Dell, Reeds, Overstock accept bitcoins
Dell and Reed’s Jewelers, one of the largest jewelry retailers nationally, both recently announced they’ll be accepting bitcoin. Mitch Cahn, director of marketing and business development for Reeds Jewelers is participating in the event.
“Dell, Overstock, Dish Network, Reeds, these are not mysterious low profile companies,” says Spuller. “I think it’s only a matter of time before competitors step up and that could lead to a snowball effect, raising consumer awareness.”
Workshop for merchants
Okcetin notes that “The goal here isn’t just to have an event. We’re hosting a free merchant workshop from 2 to 4 Friday. The entire event is not free, but any merchant can come to the workshop and learn how to incorporate bitcoin into their business.”

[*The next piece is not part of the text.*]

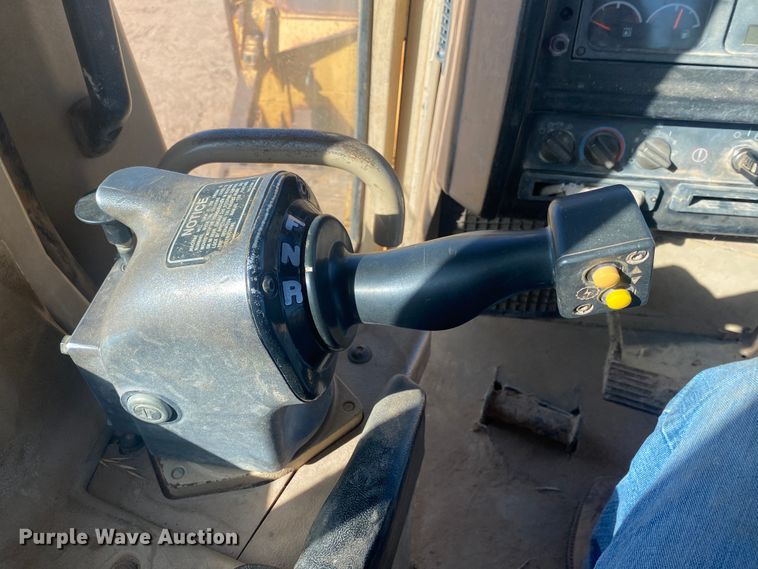 image for item DL6030 2000 Caterpillar D6R XL  dozer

Bitpay, (https:www.bitpay.com) a major bitcoin payment processor with several people speaking at the event, is sponsoring the session. Bitpay guarantees merchants the full value of purchases made with bitcoin regardless of the virtual currencies current value (at this writing, it is $540.84 for one bitcoin).
The expo touches on every aspect of the bitcoin universe, from a bitcoin 101 session early Friday, to the premiere of a short documentary, “Bitcoin: Buenos Aires” during the closing dinner. In between there are sessions on bitcoin security and the regulatory environment, a startup showcase, and a fireside chat with Adam Draper.
Security is concern since several high profile thefts of bitcoins by hackers and a warning from the U.S. Consumer Financial Protection Bureau that virtual currencies such as bitcoin and others are federally insured like money in banks, have volatile exchange rates, and have been targeted by hackers and scammers.
Risky or safe?
“Consumers are stepping into the Wild West,” CFPB Director Richard Cordray said in a statement. Still, he admitted that virtual currencies may have potential benefits, particularly as a payment protocol.
Spuller responds that “While all currencies are subject to theft, Bitcoin is more secure than the dollar. Every bitcoin transaction is publicly listed (on Blockchain: https://blockchain.info/). Online, in fact, paying with bitcoin, which doesn’t reveal any hackable financial information, is safer than using credit cards and other payment types.
Regulatory issues, such as a recent New York ruling that Okcetin says he thinks overstepped a bit, will also get a hearing at the expo.
“With Wall Street investors, hedge funds, and merchants looking at this, it’s gone beyond the tech guys in the basement,” says Spuller. “Even the Post Office is considering it. North Carolina has a tremendous opportunity to lead the way in an innovative sector.”